I evaluated query-crafter using the test split of japanese-query-crafter-reasoning-80k. I generated questions from the text in this data using each SFT-trained query-crafter model.

Then I paired those generated questions with the original text and scored them with the reranker BAAI/bge-reranker-v2-m3. The reranker score is 1.0 when the document and text are highly related, and 0.0 when they are not related. It is therefore a rough measure of whether the generated question is related to the text.

Model	Mean	Std. dev.
query-crafter-jp-Qwen3-1.7B	0.8701	0.2592
query-crafter-jp-Qwen3-4B	0.8712	0.2652
query-crafter-jp-TinySwallow-1.5B	0.7526	0.3611
query-crafter-jp-sarashina2.2-3b	0.8670	0.2646
deepseek-r1	0.8507	0.2875

The percentile plot is below.

Except for TinySwallow-1.5B, the models scored higher than DeepSeek-R1 in most cases. In particular, Qwen3-1.7B is a multilingual model not specialized for Japanese, but after SFT its score is almost the same as Qwen3-4B. Its performance is impressive. Unless you have a specific reason to choose otherwise, query-crafter-japanese-Qwen3-1.7B is a good choice.

A lower reranker score than DeepSeek-R1 does not necessarily mean the DeepSeek-R1 question is worse. There are cases where it creates correct but difficult questions that are hard even for a reranker to judge. TinySwallow-1.5B sometimes generated questions that were completely unrelated, which lowered its score compared with the other models. TinySwallow-1.5B-Instruct was distilled with TAID, so it may be less suitable for subsequent SFT.

Closing

I created and released query-crafter-japanese, a model with significant speed and cost advantages when generating a large number of questions.
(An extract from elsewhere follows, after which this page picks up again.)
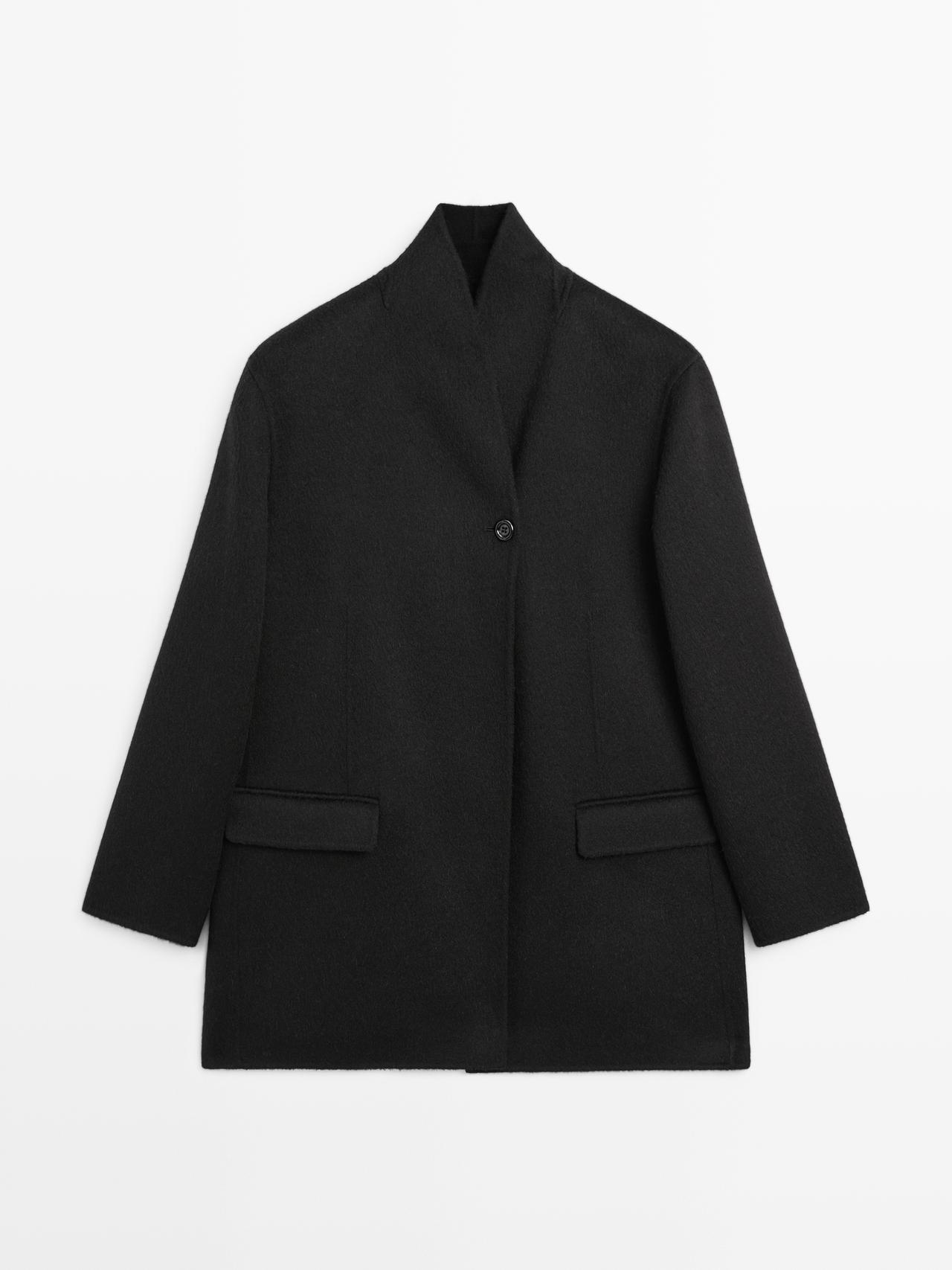 Massimo Dutti - Dame - Frakke I Uldblanding Med Høj Hals - Sort - L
Since the release of high-performing DeepSeek-R1, which does not restrict output use, it has become easier to create and publish datasets and then build models using them as supervised data. The emergence and improvement of open-weight LLMs with practical licenses, such as smaller Qwen models, also makes it easier to create and publish fine-tuned small models specialized for specific use cases. I feel that the range of possible applications has widened considerably. Half a year earlier, creating this model as an individual would probably have been impossible for resource reasons.

I hope this model helps people who need to generate questions.